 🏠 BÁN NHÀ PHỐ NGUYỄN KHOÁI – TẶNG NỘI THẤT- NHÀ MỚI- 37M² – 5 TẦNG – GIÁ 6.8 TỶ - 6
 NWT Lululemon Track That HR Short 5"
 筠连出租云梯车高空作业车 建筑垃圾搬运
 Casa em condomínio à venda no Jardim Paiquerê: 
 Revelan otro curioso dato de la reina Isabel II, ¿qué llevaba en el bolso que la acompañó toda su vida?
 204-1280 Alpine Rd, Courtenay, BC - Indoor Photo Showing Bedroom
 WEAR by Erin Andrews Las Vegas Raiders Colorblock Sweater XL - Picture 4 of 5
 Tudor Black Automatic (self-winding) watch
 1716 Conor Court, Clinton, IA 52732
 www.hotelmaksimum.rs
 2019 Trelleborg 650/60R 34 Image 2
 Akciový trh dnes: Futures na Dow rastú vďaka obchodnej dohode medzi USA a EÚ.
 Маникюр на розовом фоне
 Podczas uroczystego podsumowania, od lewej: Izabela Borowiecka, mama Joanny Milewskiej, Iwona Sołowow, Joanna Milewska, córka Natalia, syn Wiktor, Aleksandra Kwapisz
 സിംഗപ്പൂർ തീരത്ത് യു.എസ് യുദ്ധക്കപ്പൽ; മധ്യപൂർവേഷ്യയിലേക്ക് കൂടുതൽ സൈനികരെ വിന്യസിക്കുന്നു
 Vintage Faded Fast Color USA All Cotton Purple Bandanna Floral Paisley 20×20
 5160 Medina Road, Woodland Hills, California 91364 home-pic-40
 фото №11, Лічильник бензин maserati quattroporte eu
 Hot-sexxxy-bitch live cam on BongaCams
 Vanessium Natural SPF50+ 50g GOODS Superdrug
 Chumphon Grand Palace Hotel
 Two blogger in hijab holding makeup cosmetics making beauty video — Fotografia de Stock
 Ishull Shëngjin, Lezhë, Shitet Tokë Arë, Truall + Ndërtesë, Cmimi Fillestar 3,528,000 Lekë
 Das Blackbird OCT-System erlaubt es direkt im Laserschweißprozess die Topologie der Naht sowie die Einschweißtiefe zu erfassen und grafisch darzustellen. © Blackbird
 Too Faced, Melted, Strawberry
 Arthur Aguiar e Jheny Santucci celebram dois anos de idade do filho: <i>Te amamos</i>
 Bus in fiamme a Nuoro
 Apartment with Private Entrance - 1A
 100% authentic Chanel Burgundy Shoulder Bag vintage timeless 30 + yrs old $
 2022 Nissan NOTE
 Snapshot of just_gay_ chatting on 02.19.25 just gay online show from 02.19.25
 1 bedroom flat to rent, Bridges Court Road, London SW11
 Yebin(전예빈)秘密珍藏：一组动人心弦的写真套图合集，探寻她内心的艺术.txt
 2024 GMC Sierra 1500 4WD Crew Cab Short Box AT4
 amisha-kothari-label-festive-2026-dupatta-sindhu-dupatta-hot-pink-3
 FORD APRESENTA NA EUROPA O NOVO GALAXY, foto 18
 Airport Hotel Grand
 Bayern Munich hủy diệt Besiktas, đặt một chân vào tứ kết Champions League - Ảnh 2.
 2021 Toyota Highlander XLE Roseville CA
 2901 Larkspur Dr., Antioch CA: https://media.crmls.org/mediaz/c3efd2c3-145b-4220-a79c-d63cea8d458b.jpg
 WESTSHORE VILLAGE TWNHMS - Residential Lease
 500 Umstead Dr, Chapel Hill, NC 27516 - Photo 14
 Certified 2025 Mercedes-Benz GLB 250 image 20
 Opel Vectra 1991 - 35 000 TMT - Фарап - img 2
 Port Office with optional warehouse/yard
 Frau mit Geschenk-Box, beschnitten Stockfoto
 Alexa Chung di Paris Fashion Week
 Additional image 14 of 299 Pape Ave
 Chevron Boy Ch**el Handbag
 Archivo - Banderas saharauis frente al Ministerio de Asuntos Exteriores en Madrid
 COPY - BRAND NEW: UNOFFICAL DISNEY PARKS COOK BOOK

- - -

= Instructions to follow =
Copy every line from the records that holds the string "with".

= Response area =
 Apartment with Private Entrance - 1A
 Port Office with optional warehouse/yard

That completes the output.